The total number of newly displaced people fleeing Swat, Lower Dir and Buner registered this month is almost 1.5 million (1,454,377). Of these, some 131,000 people are staying in camps, with more than 1.3 million (1,323,427) staying in private accommodation, with host families or friends. Others are being accommodated in schools. They join another half a million people (553,916) registered in NWFP who had fled other parts of the north-west, including the tribal areas, over several months since August 2008.
Given the speed and scale of the new influx, the NWFP Ministry of Social Welfare, with UNHCR's help, is carrying out a 'fast track' registration process to ensure people can get assistance.

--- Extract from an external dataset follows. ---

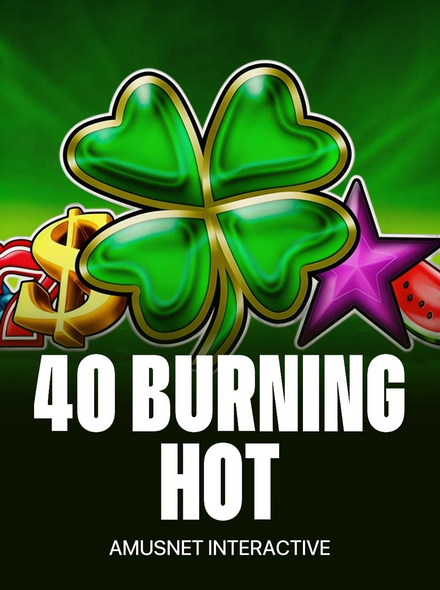 40 Burning Hot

UNHCR is in discussions with the Emergency Response Unit and the Ministry of Social Welfare of the NWFP government as well as the National Database and Registration Authority (NADRA) regarding a process to cross-check and verify data in a second stage. This will identify duplicate registrations, inconsistencies and remove people from the earlier influx who may have returned home, such as to Bajaur. A large number of people have no ID at all because they fled in such haste. Discussions are underway with the government on how best to assist them.

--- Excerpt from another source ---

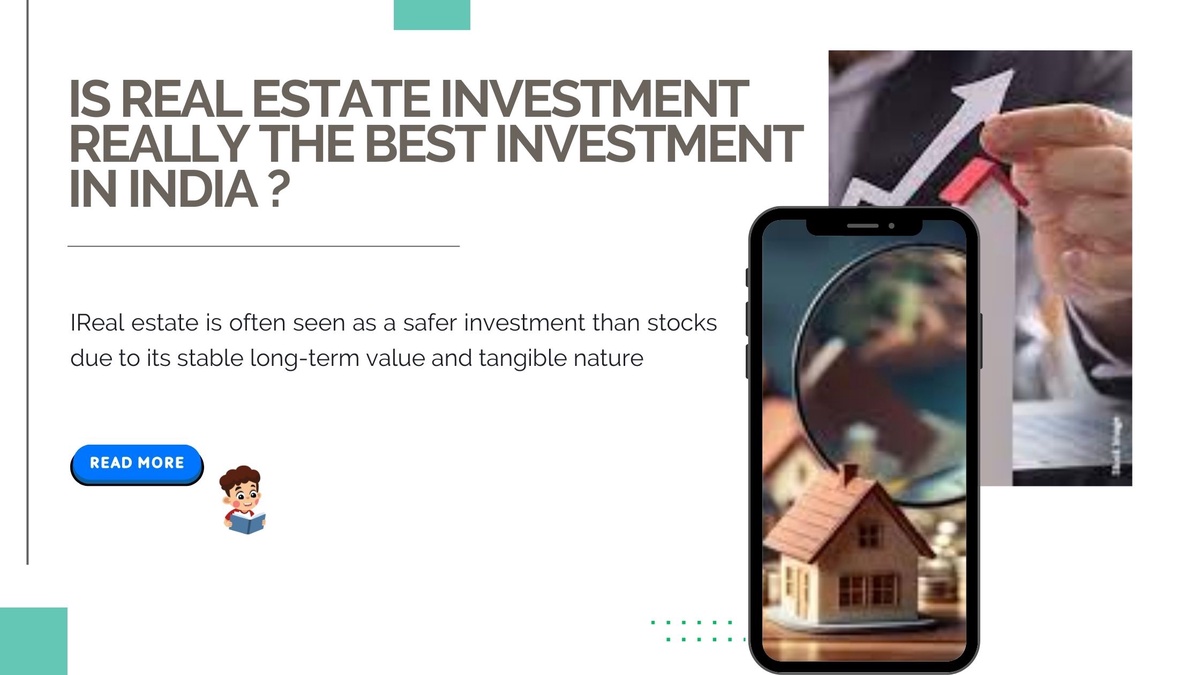 Is Real estate investment really the best investment in India ?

Most of the 15 new camps established this month in response to the new influx are already full. There is an urgent need to identify new sites and establish new camps. In the district of Swabi, UNHCR field teams are preparing more land adjacent to the Shah Mansoor camp, run by the Pakistan Red Crescent Society, and currently hosting 10,500 people. Tents have been pitched, a portable warehouse erected and other relief items are being brought to the site today (Wednesday) in preparation to receive more people.
Elsewhere in Swabi district, our field teams in Yar Hussein camp report more and more women arriving alone with their children. The women say their husbands are staying behind in their villages to take care of cattle and crops. The camp currently hosts some 5,500 displaced people. The high temperatures are affecting people living in camps, especially the children. We are urgently sourcing materials to provide shade cloth to people in camps to help them cope with the heat.
In Mardan district, our field teams have assessed 457 schools where thousands of displaced people are being accommodated. Yesterday (Tuesday), we began distribution of relief items to people staying in schools and will continue this today and in the coming days. Today (Wednesday), our field teams are carrying out assessments of the spontaneous settlements located around Mardan in order to better respond to the needs of the displaced.
UNHCR is planning to step up its assistance to displaced people staying in host families in the near future, and is urgently procuring more relief supplies. The displaced have little prospect of renting accommodation, and in Swabi and Mardan in particular, host families are becoming oversaturated with the continuing flow of new arrivals. Hence the urgency to identify new sites and establish more camps.